On Saturday, I threw my daughter and two of her teenage friends into the back of our Honda CR-V and drove them UpIsland for some thrift shopping. The kids these days are reviving millennial fashion, which means droopy cargo pants that sag — revealing the waistband of borrowed-from-the-boys boxer shorts — and puddle on the floor, swallowing whole their puffy white sneakers.
I’m glad the girls are finally getting into thrifting, relieved my daughter has stopped asking me to buy her sweatshop fast fashion — a.k.a., tawdry junk — from the Chinese discount-clothing websites like Shein and AliExpress. (I’m also glad she has drawn the line at puffy white grandpa sneakers. Nobody in this household needs to wear marshmallow-shape New Balances, even if the cool surfer girls of Amagansett have boldly gone that route.)
Most wanted at Island Thrift in Medford and Savers in Holbrook on Saturday were jeans with the ultra-low rise that Alexander McQueen dubbed “bumsters” when they came around the first time in 1995, specifically, “distressed” jeans with embellishments — signature embroidery, a filagree of beading — on the rear pockets. Millennial fashion was all about embellishments and filagrees. Believe me, I know: I was a senior editor in the fashion mines at Vogue all during the gilded age of logos, labels, gold-initial doodads, and dangling keychain-and-charm “customizations.” The girls ran around, pumped up on iced chai lattes, exclaiming with delight (“Sick! These are so sick!”) when they found a pair of jeans that would reveal the top of the butt crack when they bent down. “These were worn by people who had a ‘tramp stamp,’ “ said Nettie, who is 14, proudly demonstrating her knack for the languages of antiquity.
They heaped their chinos and denim into a shopping cart and raced through the racks. Trying to keep up, I maintained a running commentary about ye olde fashion lingo of the late-20th century — “Whiskers,” I said, were the lines of fading radiating from the crotch on distressed jeans. “Kick flares” were jeans that were tight over the thighs and knees but then belled out just over the ankle — but they had little interest in a history lesson.
The secondhand clothing in these massive resale shops is bought in bales, I believe, purchased from the charity organizations that collect donated clothing in those massive green-metal bins you see in parking lots behind the bank or grocery store. Being officially old and not even of this century, I was disappointed to see how recent the vintage was on almost all the clothes in Savers and Island Thrift. When I was a teenager in the 1980s, and well up into the 1990s, you could count on scoring true vintage from the 1950s, 1960s, and 1970s when you went thrifting. Granny and granddad wardrobe treasures were what you sought. More than once, in my youth, I brought home from the Bargain Box or the Riverhead Salvation Army a nipped-waist tweed jacket from the 1950s, or sick 1960s red rain slicker, and found a used Kleenex stuffed into the pocket by the old lady who had worn it last. At Savers and Island Thrift, the acreage of endless hoodies and tees all seemed to date to the last 10 or 15 years. Older-sibling castoffs from Land’s End and the Gap, not grandma castoffs. Vintage is dead.

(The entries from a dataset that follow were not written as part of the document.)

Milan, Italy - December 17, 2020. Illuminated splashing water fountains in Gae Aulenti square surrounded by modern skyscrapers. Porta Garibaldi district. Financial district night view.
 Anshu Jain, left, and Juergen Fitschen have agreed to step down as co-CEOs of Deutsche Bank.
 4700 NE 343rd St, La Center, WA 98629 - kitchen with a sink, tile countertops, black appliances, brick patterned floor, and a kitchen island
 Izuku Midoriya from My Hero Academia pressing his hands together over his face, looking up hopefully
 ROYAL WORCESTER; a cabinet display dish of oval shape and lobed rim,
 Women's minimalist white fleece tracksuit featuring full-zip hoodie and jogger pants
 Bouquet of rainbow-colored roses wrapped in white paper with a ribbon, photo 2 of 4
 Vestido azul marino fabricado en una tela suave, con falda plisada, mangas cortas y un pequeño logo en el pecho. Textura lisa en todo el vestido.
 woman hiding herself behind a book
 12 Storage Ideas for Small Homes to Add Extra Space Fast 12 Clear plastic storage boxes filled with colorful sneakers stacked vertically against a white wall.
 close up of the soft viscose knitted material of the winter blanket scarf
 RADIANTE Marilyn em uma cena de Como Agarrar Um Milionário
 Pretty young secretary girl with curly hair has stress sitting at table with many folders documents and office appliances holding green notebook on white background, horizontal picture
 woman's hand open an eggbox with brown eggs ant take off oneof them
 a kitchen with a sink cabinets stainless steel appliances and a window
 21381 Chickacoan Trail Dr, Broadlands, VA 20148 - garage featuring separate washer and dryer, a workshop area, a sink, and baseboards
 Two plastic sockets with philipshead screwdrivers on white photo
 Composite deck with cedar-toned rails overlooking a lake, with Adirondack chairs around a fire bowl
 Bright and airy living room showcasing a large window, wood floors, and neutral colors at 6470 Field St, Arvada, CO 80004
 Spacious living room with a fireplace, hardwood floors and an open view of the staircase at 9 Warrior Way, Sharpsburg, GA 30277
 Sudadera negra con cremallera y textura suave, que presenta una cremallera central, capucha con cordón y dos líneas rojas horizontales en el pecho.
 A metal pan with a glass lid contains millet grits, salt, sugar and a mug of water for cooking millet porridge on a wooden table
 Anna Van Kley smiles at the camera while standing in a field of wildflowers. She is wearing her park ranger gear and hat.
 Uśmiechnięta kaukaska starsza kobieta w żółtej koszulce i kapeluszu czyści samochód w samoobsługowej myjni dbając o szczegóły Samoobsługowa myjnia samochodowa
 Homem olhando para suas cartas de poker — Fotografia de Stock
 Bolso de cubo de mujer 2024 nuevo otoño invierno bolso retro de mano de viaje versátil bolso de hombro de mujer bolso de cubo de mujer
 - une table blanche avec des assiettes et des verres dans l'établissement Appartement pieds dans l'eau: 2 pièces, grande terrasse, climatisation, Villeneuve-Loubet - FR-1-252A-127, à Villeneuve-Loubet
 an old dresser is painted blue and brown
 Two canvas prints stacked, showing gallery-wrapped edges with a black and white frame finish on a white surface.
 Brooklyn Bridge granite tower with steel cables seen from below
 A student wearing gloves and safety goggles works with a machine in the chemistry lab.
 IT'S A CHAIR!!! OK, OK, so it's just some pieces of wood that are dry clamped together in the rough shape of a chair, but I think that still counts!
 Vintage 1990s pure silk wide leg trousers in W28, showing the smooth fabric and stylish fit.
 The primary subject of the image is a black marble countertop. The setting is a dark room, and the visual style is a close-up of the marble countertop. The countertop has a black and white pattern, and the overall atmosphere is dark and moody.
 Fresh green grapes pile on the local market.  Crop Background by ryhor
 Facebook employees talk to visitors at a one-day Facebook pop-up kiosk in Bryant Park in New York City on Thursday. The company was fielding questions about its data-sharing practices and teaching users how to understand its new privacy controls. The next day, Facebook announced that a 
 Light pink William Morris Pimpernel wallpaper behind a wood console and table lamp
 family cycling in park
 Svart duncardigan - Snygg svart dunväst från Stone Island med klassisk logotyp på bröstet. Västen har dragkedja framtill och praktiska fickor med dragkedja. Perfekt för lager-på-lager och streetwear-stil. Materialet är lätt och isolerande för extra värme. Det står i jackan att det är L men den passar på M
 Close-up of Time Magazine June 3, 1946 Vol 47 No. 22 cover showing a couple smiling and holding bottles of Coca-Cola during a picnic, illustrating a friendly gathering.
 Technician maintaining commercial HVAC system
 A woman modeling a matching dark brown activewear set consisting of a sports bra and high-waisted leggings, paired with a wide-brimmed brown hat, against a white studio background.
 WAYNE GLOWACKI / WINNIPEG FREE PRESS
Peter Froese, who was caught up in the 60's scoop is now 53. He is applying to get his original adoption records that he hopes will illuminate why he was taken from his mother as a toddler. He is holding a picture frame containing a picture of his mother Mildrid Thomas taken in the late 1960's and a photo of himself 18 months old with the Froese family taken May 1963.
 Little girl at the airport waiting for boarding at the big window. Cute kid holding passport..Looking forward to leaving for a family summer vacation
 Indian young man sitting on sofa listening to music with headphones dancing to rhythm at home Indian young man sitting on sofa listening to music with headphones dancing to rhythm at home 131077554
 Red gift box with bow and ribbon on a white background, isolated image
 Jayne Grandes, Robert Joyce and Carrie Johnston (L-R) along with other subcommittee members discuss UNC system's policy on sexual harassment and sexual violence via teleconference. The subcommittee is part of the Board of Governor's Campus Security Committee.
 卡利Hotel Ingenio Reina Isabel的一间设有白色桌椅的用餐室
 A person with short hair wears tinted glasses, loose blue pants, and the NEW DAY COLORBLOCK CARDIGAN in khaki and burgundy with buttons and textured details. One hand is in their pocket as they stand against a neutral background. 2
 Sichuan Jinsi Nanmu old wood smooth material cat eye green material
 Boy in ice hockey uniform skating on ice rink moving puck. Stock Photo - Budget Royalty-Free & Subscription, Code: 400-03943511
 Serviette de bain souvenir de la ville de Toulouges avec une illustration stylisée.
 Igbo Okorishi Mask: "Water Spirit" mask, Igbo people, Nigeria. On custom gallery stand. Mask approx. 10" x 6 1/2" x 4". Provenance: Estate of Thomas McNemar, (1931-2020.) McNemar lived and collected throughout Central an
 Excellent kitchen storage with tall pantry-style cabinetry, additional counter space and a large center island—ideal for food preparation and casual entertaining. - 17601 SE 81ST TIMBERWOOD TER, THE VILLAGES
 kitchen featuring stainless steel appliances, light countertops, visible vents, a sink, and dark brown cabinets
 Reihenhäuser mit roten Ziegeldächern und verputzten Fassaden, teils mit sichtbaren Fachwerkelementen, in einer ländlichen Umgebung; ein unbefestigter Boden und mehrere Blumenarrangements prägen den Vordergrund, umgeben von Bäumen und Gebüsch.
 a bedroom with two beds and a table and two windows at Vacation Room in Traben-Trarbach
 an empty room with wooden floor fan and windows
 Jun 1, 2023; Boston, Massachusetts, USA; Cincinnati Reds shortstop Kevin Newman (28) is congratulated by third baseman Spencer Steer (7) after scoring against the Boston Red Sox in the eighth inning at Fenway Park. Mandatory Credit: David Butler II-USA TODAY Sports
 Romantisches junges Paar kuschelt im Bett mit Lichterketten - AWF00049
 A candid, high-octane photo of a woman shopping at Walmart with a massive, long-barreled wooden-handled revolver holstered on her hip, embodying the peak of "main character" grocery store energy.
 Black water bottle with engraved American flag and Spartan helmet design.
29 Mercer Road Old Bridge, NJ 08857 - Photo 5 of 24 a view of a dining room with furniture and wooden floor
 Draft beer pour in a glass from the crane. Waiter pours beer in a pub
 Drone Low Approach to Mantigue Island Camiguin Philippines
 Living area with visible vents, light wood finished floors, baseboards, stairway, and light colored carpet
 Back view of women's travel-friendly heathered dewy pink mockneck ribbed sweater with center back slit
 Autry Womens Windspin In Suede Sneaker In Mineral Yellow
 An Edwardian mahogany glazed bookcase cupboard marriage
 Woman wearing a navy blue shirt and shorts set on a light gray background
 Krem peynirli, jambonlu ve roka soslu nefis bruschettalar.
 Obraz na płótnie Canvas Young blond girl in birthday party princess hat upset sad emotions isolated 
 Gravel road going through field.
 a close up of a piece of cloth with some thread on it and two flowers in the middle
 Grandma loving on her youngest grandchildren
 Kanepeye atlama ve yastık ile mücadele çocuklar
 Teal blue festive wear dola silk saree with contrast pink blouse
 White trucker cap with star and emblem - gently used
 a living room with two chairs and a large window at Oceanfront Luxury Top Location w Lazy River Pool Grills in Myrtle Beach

Indeed, the cycle of fashion ground to a halt in the late 1990s, I.M.H.O. (as we cringey, out-of-style moms still like to say). The clothes you find in Savers or Island Thrift could be worn today without being recognized as old or looking at all odd. Fashion has ended. If you don’t know what I mean, imagine a 1920s flapper revealing her rouged knees in a shapeless and corset-less gamine Chanel chemise as she turned up to a time-traveling garden party in 1900. Someone would have called for a doctor! Or, imagine a 1977 punk rocker with a green mohawk and bondage pants from the Sex boutique turning up for class at East Hampton High School in the year 1967. Arrests would have been made! But dress a carful of teenage girls in secondhand kit from Savers and Island Thrift, and her classmates can’t even tell that her outfit wasn’t manufactured yesterday.
I have theories about why fashion ended with the last millennium, and have bored my friends on this topic for decades, but I’ll spare you, reader.
After Greek salads at the Metropolis Diner on Route 112, on the ride home, I tried to tell the girls about my New Year’s Eve, the night the 1990s ended and the new millennium began. It was spent in London at a very inebriated dinner party thrown by a friend of a friend — a trendsetting style-zine writer specializing in vintage 1970s glam-rock fashion — who lived near the Thames, close to the London Eye ferris wheel. We had dinner and then, as midnight and the new century drew close, stumbled down the stairs to watch boozily from the bank for the pyrotechnic “river of fire” that was supposed to roll up from Tower Bridge to Vauxhall at a speed of 775 miles per hour. But there was no River of Fire. The fireworks were sent up by the barges, but fizzled out in the fog, a series of sad white puffs and flashes. What a bunch of dolts we were, I tried to tell the girls, dancing on the brink.